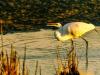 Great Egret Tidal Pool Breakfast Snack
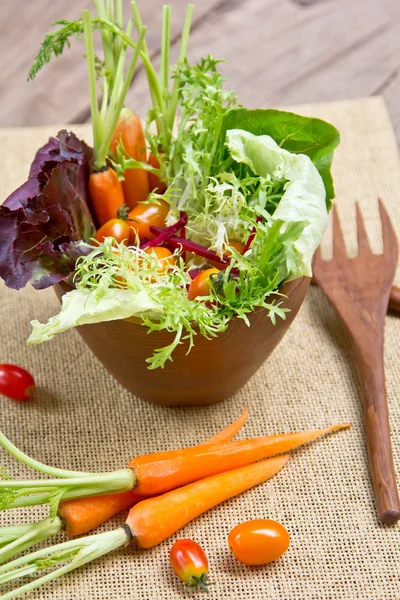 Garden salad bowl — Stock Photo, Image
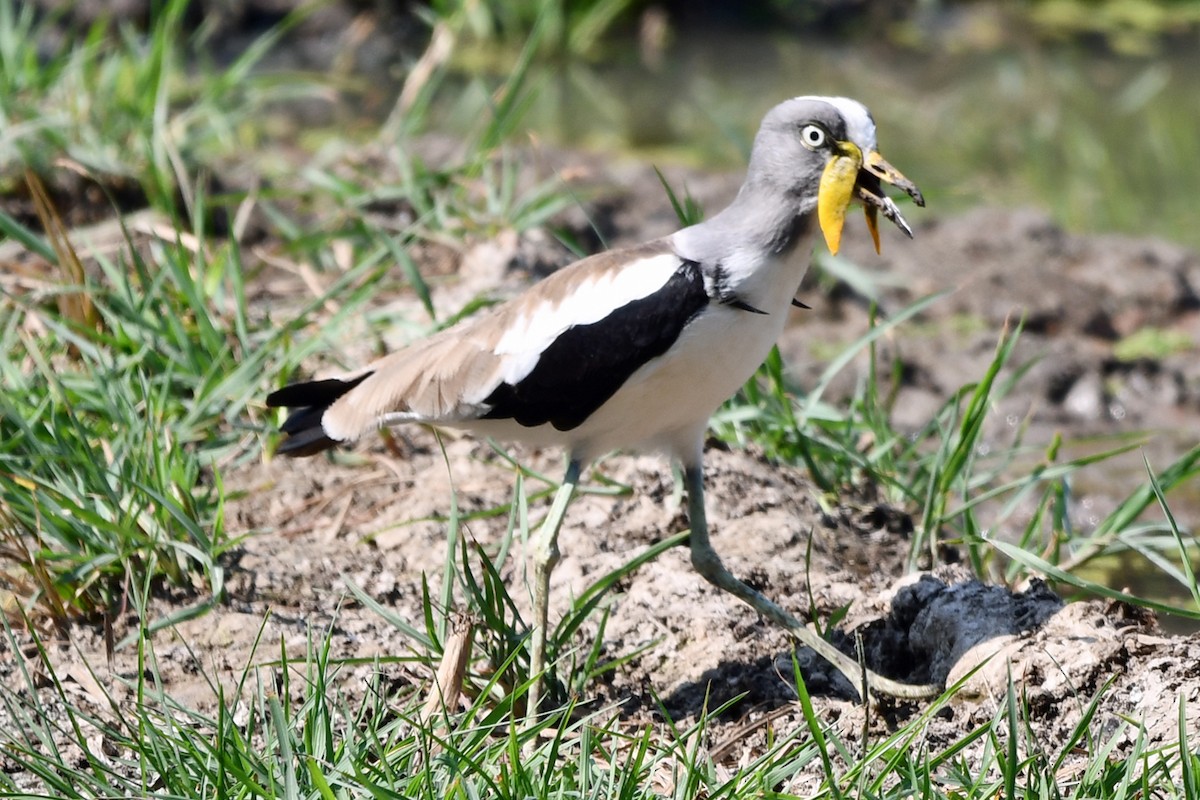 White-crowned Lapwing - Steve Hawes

...

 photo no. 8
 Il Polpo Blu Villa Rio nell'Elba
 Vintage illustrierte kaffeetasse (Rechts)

» EXERCISE DIRECTIONS:
Retype only this portion of the data above: the line containing "photo no. 8", the line containing "Vintage illustrierte kaffeetasse (Rechts)", and all lines between them, exactly.

» REPLY TO THE EXERCISE:
 photo no. 8
 Il Polpo Blu Villa Rio nell'Elba
 Vintage illustrierte kaffeetasse (Rechts)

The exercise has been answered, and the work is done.